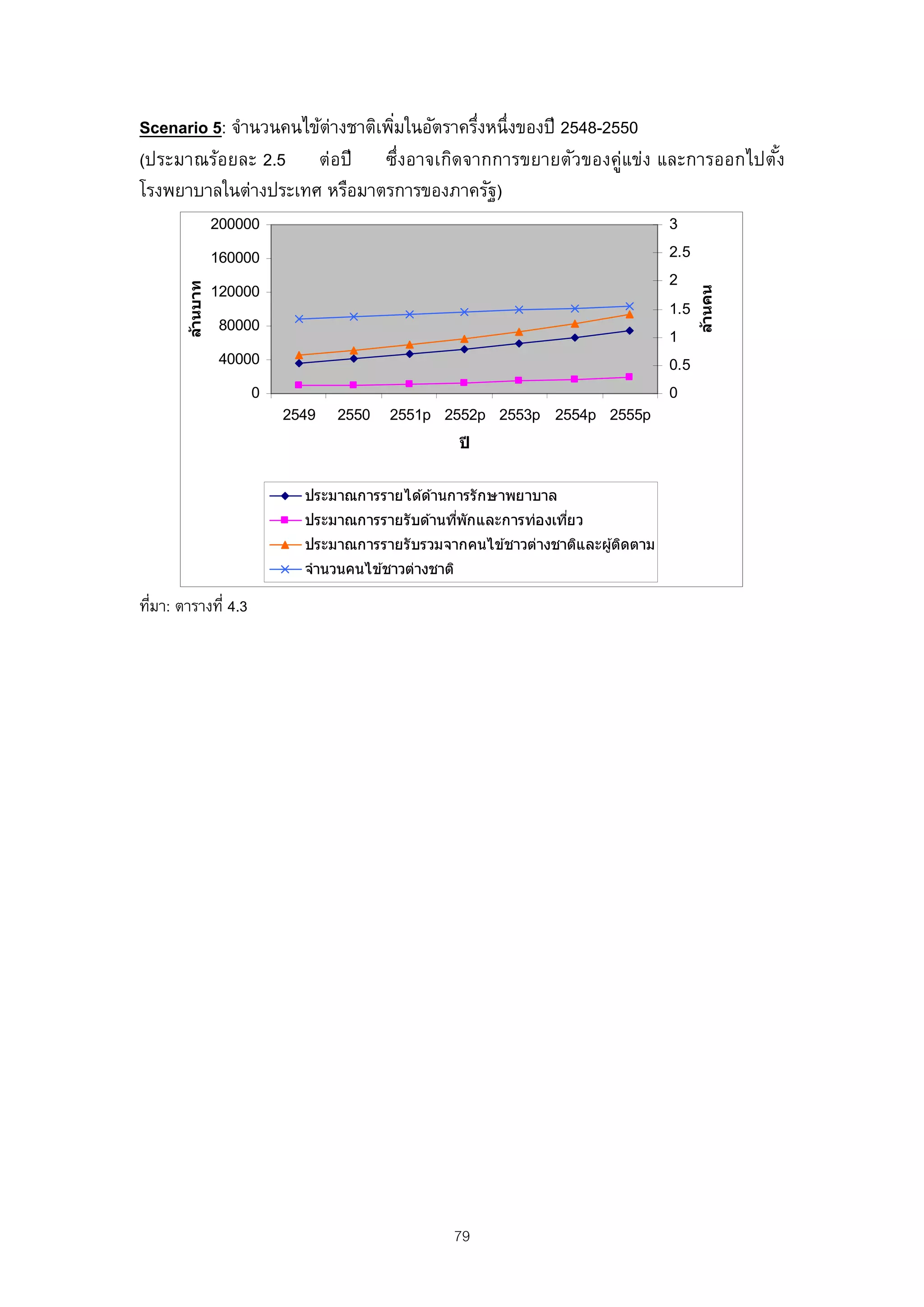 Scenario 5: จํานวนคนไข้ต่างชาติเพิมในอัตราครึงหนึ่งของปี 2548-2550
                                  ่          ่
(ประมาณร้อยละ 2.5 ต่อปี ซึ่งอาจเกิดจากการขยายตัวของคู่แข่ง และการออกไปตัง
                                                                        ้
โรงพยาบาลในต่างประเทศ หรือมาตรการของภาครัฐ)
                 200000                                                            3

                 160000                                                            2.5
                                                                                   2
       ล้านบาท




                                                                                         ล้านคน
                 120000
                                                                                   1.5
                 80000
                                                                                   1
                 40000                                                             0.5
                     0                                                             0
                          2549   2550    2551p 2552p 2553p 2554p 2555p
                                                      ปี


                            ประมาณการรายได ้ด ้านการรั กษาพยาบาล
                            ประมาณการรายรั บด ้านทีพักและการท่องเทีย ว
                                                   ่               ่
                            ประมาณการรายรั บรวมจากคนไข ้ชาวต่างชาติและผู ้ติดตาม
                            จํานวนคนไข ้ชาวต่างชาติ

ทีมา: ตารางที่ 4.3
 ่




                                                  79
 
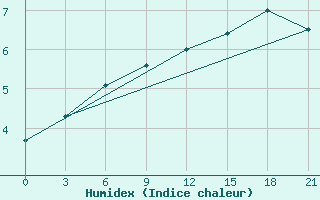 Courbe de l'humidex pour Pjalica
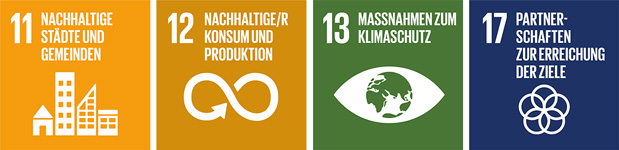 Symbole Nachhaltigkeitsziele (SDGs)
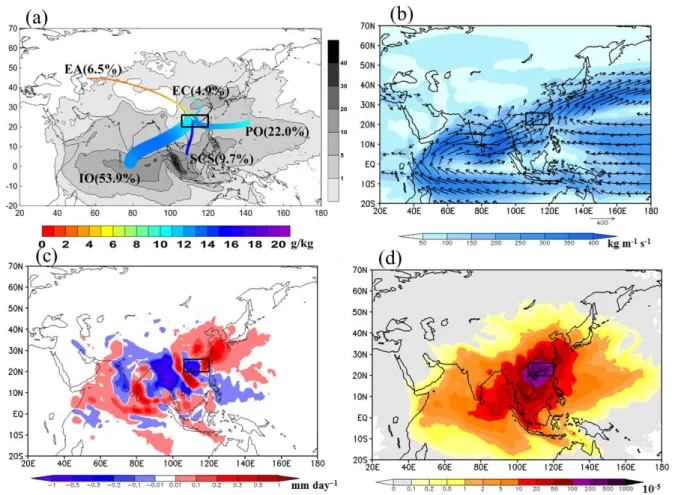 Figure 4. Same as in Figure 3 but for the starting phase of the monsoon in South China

WORK TO BE COMPLETED – Retype the whole listing exactly and leave the pictures out.

YOUR SOLUTION –
 Scenario 5: จํานวนคนไข้ต่างชาติเพิมในอัตราครึงหนึ่งของปี 2548-2550
                                  ่          ่
(ประมาณร้อยละ 2.5 ต่อปี ซึ่งอาจเกิดจากการขยายตัวของคู่แข่ง และการออกไปตัง
                                                                        ้
โรงพยาบาลในต่างประเทศ หรือมาตรการของภาครัฐ)
                 200000                                                            3

                 160000                                                            2.5
                                                                                   2
       ล้านบาท




                                                                                         ล้านคน
                 120000
                                                                                   1.5
                 80000
                                                                                   1
                 40000                                                             0.5
                     0                                                             0
                          2549   2550    2551p 2552p 2553p 2554p 2555p
                                                      ปี


                            ประมาณการรายได ้ด ้านการรั กษาพยาบาล
                            ประมาณการรายรั บด ้านทีพักและการท่องเทีย ว
                                                   ่               ่
                            ประมาณการรายรั บรวมจากคนไข ้ชาวต่างชาติและผู ้ติดตาม
                            จํานวนคนไข ้ชาวต่างชาติ

ทีมา: ตารางที่ 4.3
 ่




                                                  79
 
 Courbe de l'humidex pour Pjalica
 Symbole Nachhaltigkeitsziele (SDGs)
 Figure 4. Same as in Figure 3 but for the starting phase of the monsoon in South China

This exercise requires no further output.